■ Task directions: Each entry should be transcribed exactly as written, and any picture left out.

* * *

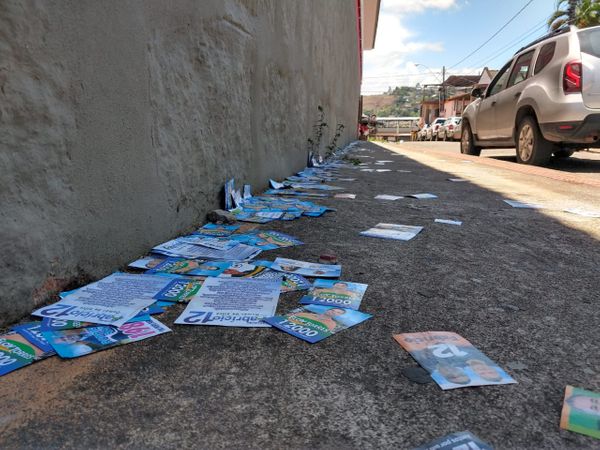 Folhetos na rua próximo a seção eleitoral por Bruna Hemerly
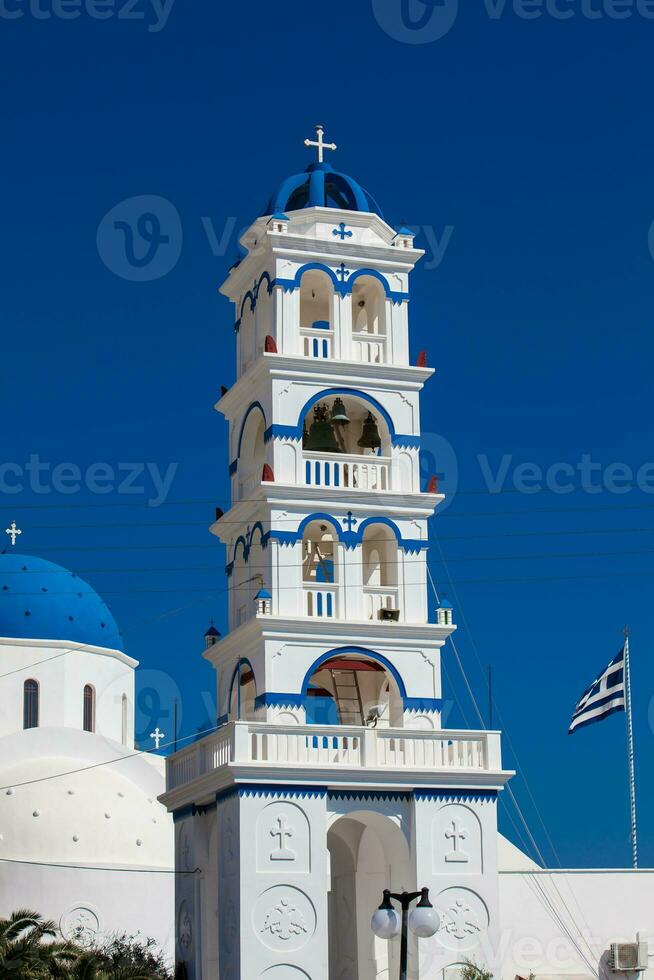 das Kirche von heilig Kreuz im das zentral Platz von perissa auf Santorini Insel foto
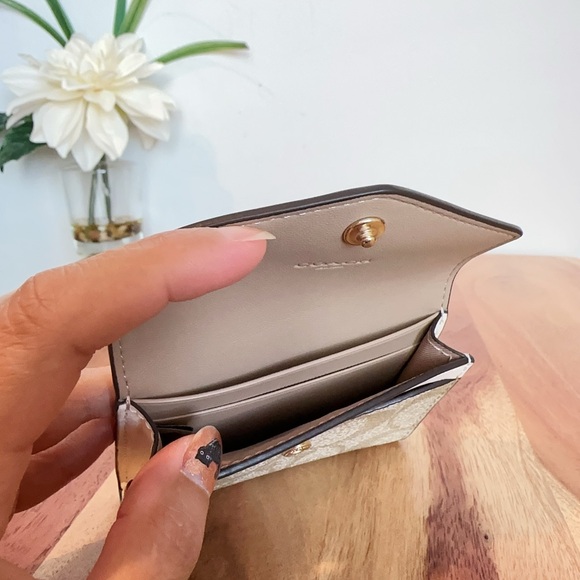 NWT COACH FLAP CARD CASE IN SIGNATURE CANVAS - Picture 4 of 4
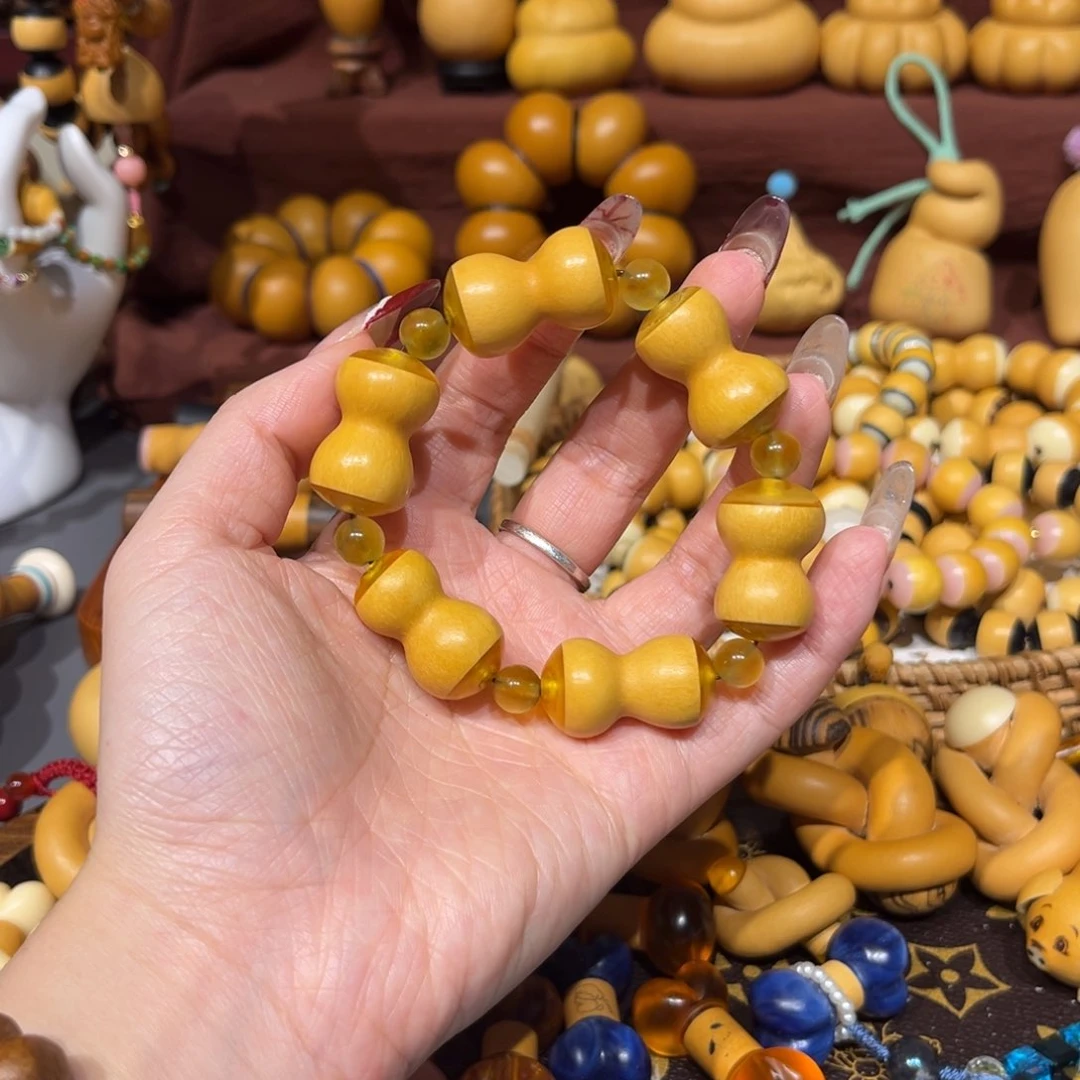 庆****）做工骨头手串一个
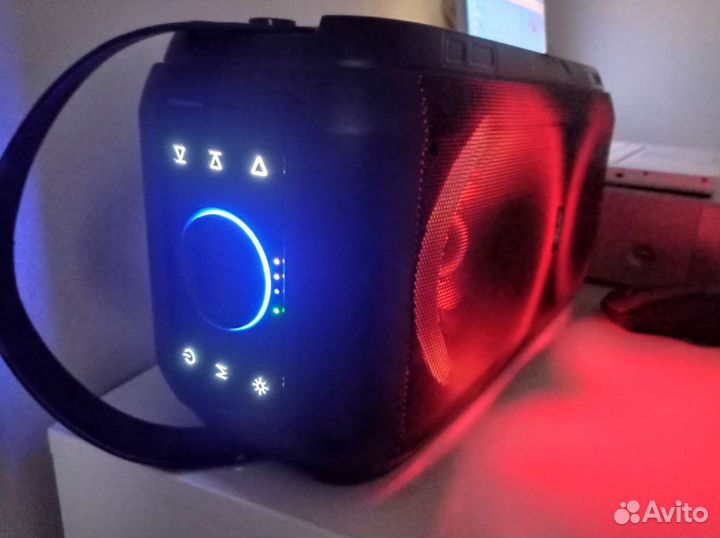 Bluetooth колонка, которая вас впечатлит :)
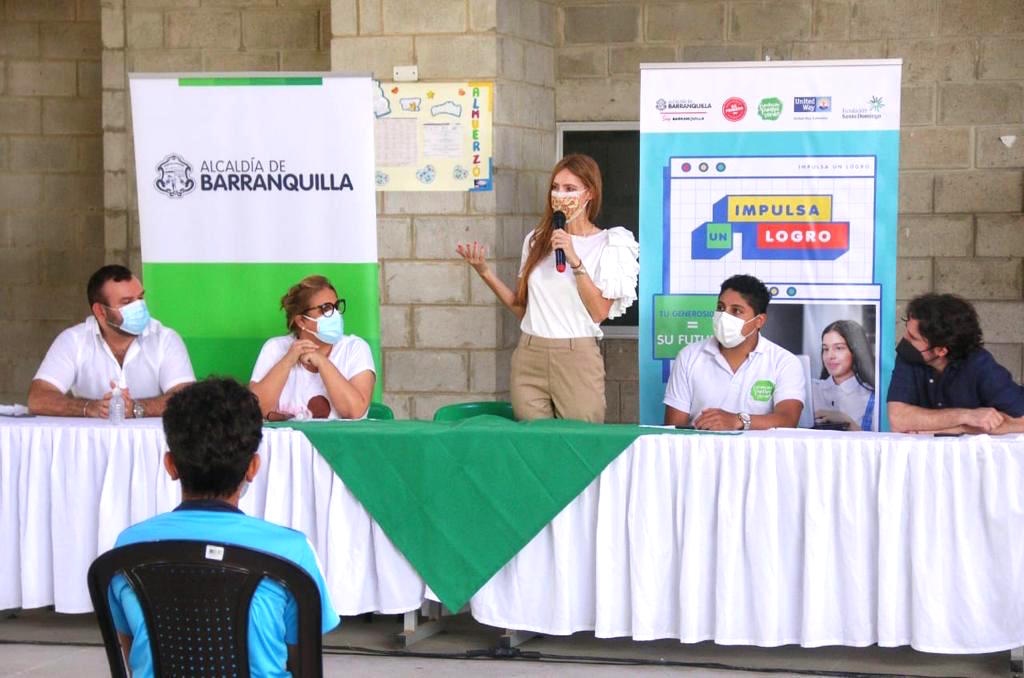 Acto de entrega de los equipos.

* * *

■ Written response:
 Folhetos na rua próximo a seção eleitoral por Bruna Hemerly
 das Kirche von heilig Kreuz im das zentral Platz von perissa auf Santorini Insel foto
 NWT COACH FLAP CARD CASE IN SIGNATURE CANVAS - Picture 4 of 4
 庆****）做工骨头手串一个
 Bluetooth колонка, которая вас впечатлит :)
 Acto de entrega de los equipos.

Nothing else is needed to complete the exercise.